WHAT IS EXPECTED:
Only what runs from the line with "Two Felt Bear Storage Bags" to the end of the data should appear in the answer, exactly as written and without pictures.

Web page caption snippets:
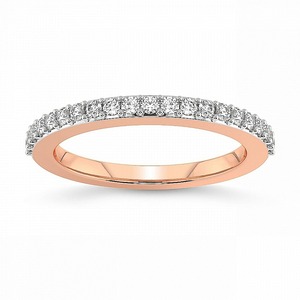 แหวนเพชรทรงโค้งครึ่งวง ประดับเพชรแล็บโกรว์น 0.33 กะรัต น้ำหนักรวม 14K ทองคำแท้ สี FG ความสะอาดระดับ VS ประดับเพชร 21 เม็ด แนวเพชรสมดุล - Product Image 3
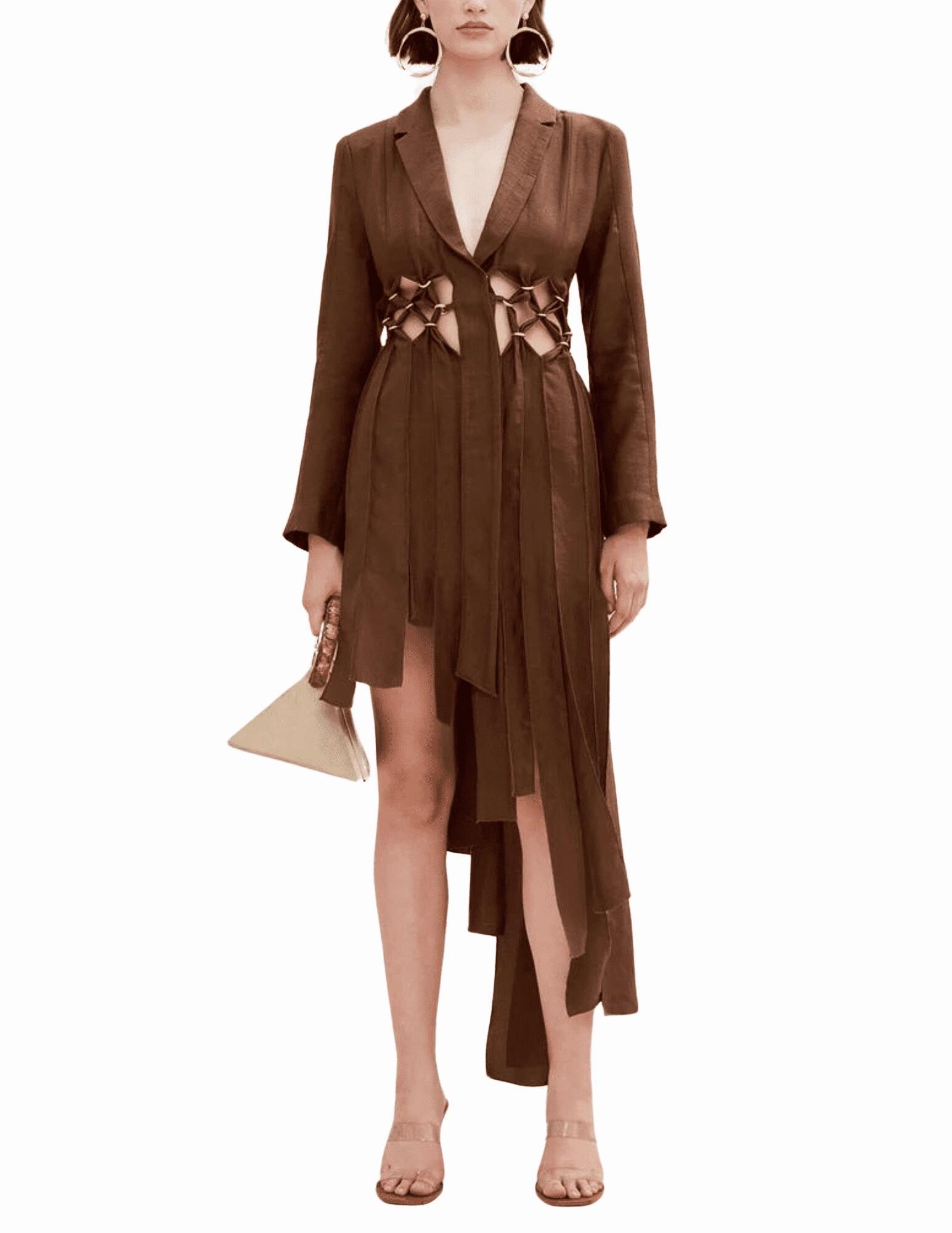 Cult Gaia Elana Asymmetrical Midi Dress Lower Hem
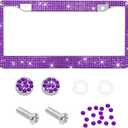 Ohleats Car License Plate Frame, Sparkling Stainless Steel License Plate Frame, Bling Diamond License Plate Holder Cover for Women Men, Universal Exterior Car Accessories (Dark Purple)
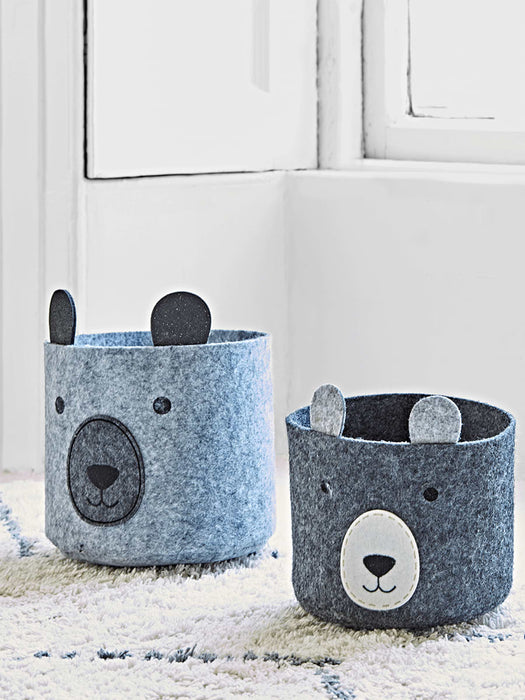 Two Felt Bear Storage Bags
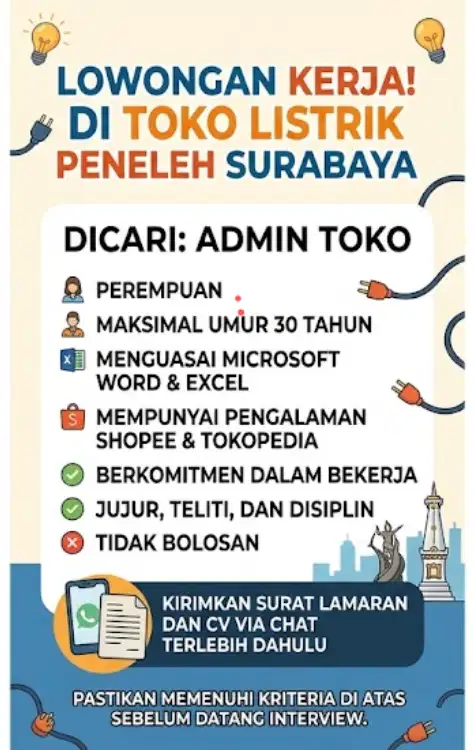 DIBUTUHKAN SEGERA: Admin Toko Listrik – Daerah Peneleh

RESULT:
 Two Felt Bear Storage Bags
 DIBUTUHKAN SEGERA: Admin Toko Listrik – Daerah Peneleh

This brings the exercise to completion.